El 25 de junio se cumplen 17 años del fallecimiento de Michael Jackson. Su música sigue con millones de reproducciones, pero su lugar como referente activo del pop actual es debatido por expertos.
Gestión del catálogo, clave de su permanencia digital
Para Alejandro Marín, director de la emisora La X Más Música, la vigencia de Jackson no es un fenómeno espontáneo. «Esas canciones están muy bien administradas por quienes han tenido la oportunidad de hacerlo, a pesar de todas las controversias», señaló.
Marín indicó que la reactivación reciente del interés por el artista tampoco es casual. «La utilización de esas canciones en la película Michael fue sumamente clave en el fortalecimiento de ese catálogo», explicó, aludiendo al impacto directo que los productos audiovisuales generan sobre el consumo de música de archivo.

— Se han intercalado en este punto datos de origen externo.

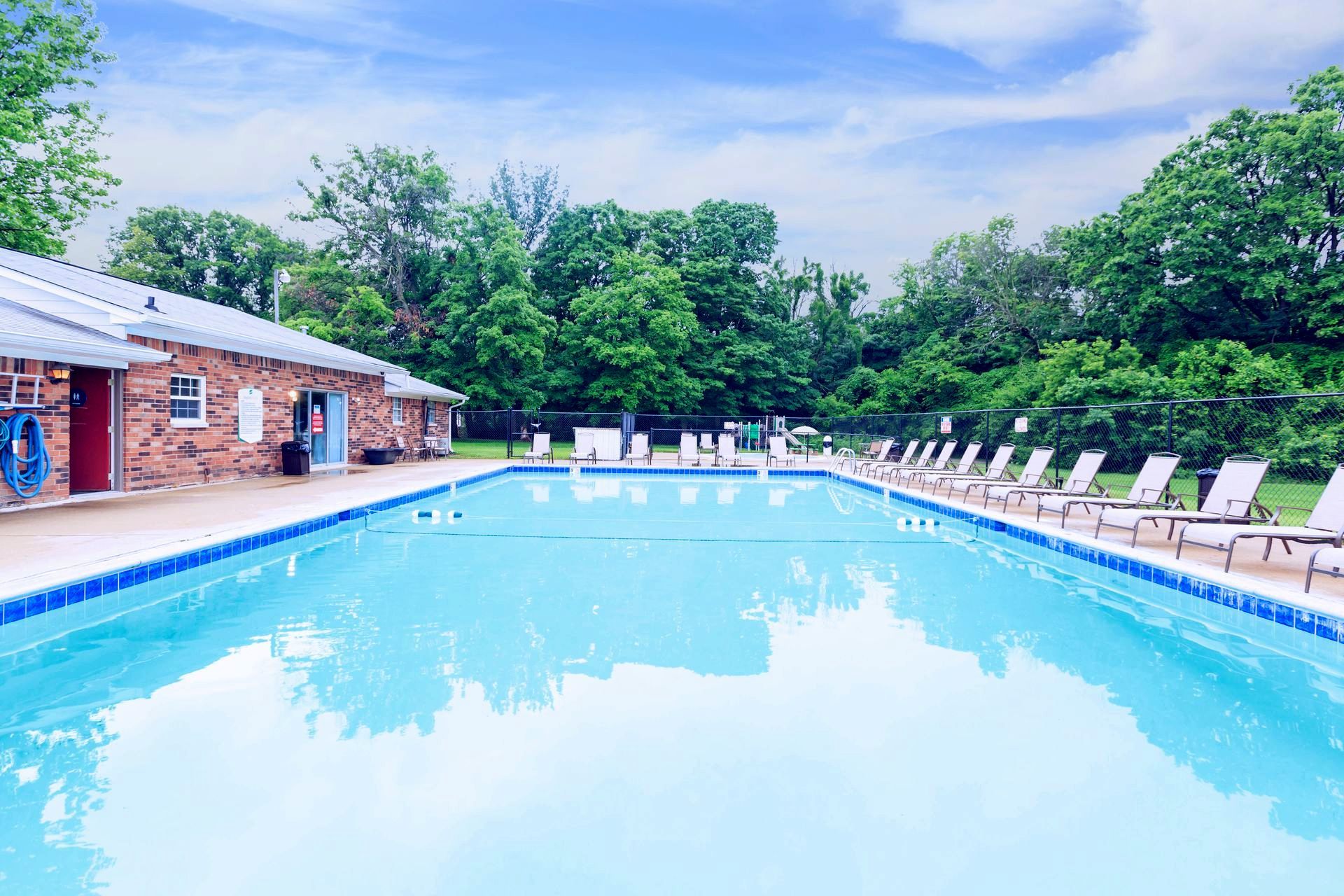 Aspen Pointe Swimming Pool and building
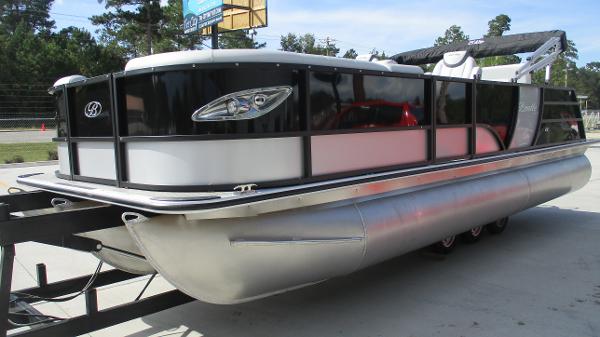 2021 Bentley boat for sale, model of the boat is Elite 223 Swingback Full Tube & Image # 2 of 60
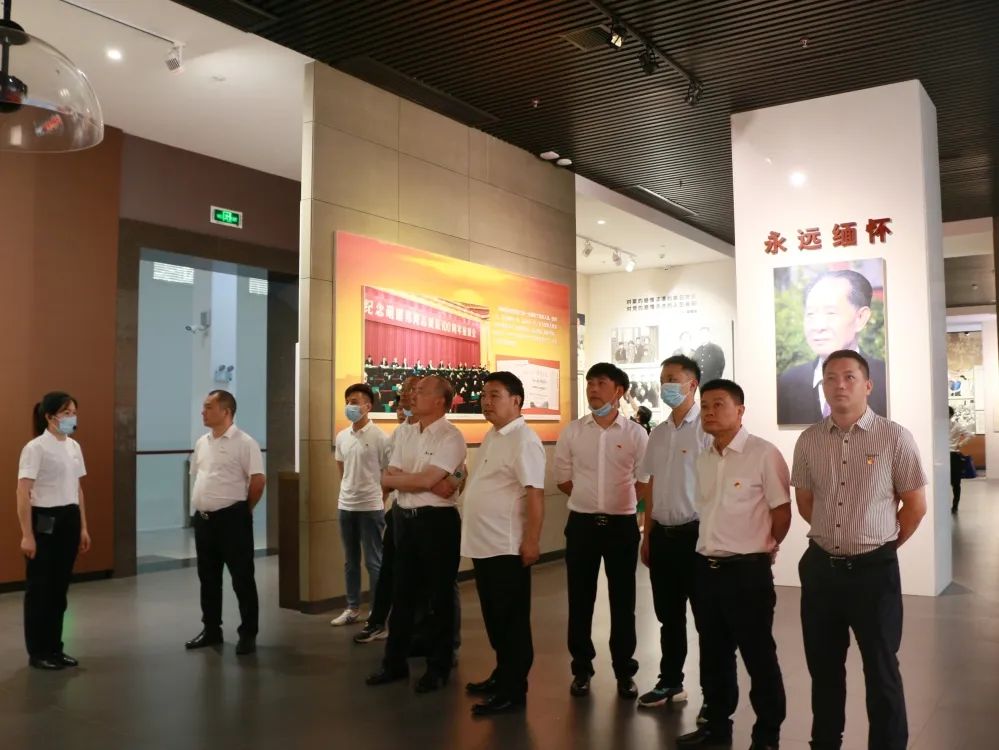 百老汇官方网站
,家具行业协会,家具行业
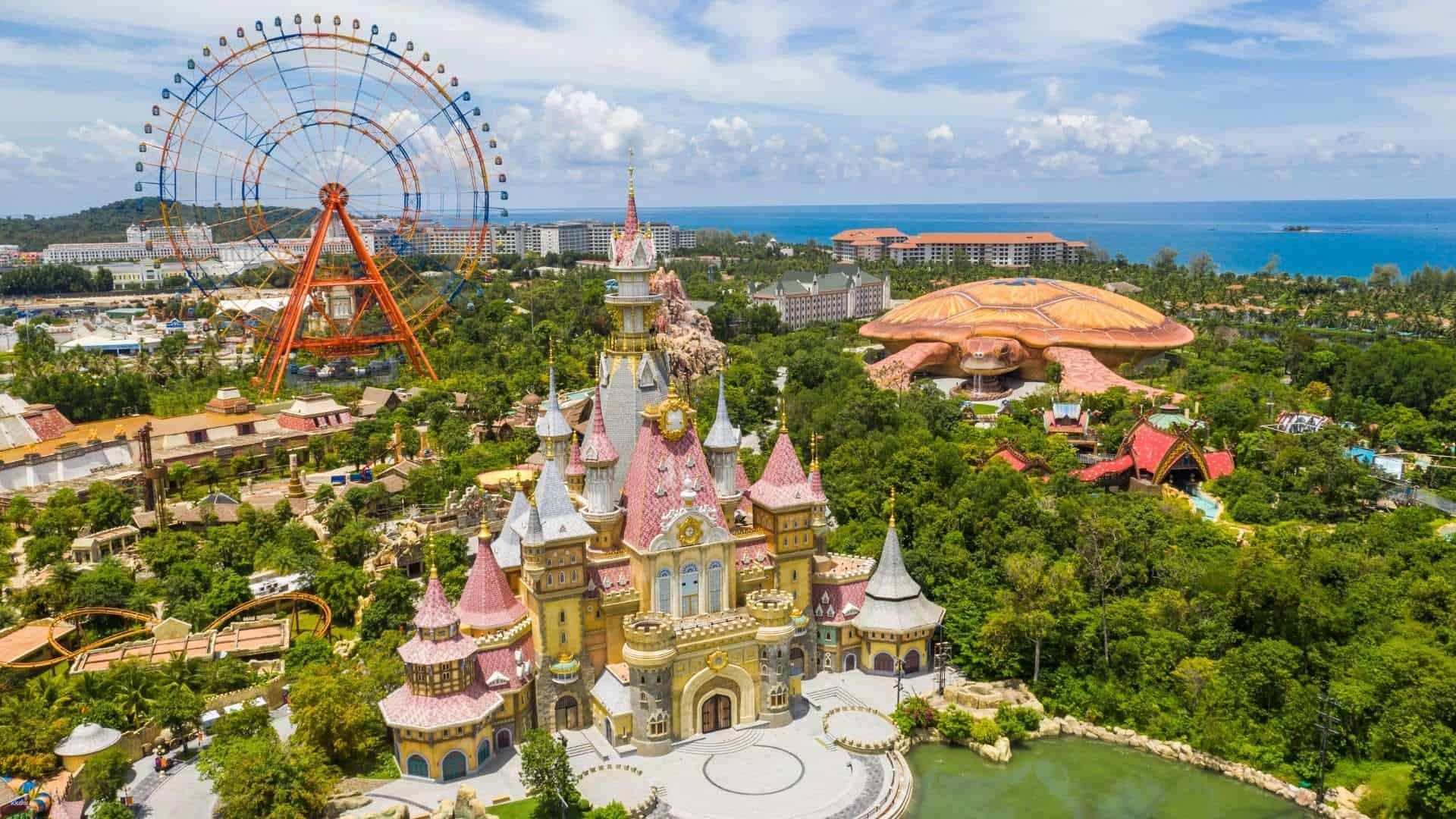 Vinpearl Safari, VinWonders and Grand World with private transfers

Ese comportamiento se refleja en cifras concretas: Thriller (1982) sigue siendo el álbum más vendido de la historia con más de 67 millones de copias, y su videoclip superó los 1,000 millones de visualizaciones en YouTube en 2024.
La fórmula que cruzó décadas y generaciones
Marín atribuyó parte de esa permanencia a la colaboración entre Jackson y el productor Quincy Jones. «Mezclar esa visión de jazz que traía Quincy con la visión de pop que tenía Michael en una fórmula de disco transformó la música popular», detalló, citando Off the Wall como el primer ejercicio decisivo de esa dupla.
Sin embargo, el experto subrayó que el elemento más determinante no es sonoro. «Son sus videos musicales los que han permitido cruzar esas barreras cronológicas y generacionales», afirmó, al describir el videoclip como un dispositivo de permanencia cultural que extendió el alcance del artista más allá de su época original de consumo.
Estándar histórico, no referente activo
Pese a la circulación sostenida de su catálogo, Marín introdujo un matiz central sobre la posición actual de Jackson en la industria. «No creo que Michael sea un referente tan activo; creo que ya hay otros referentes y son mucho más recientes», sostuvo.
Según el locutor y periodista, el eje de influencia del pop se ha desplazado. «Las figuras nuevas no aspiran a ser Michael Jackson. Aspiran a ser Bad Bunny, Karol G o J Balvin», precisó, marcando una distinción entre consumo masivo y referencia cultural activa.
Además, Marín advirtió sobre la fragilidad de los legados culturales en el tiempo. «La música desaparece en la medida en que sus públicos desaparecen de la Tierra también», señaló, apuntando a la dependencia generacional de cualquier permanencia artística.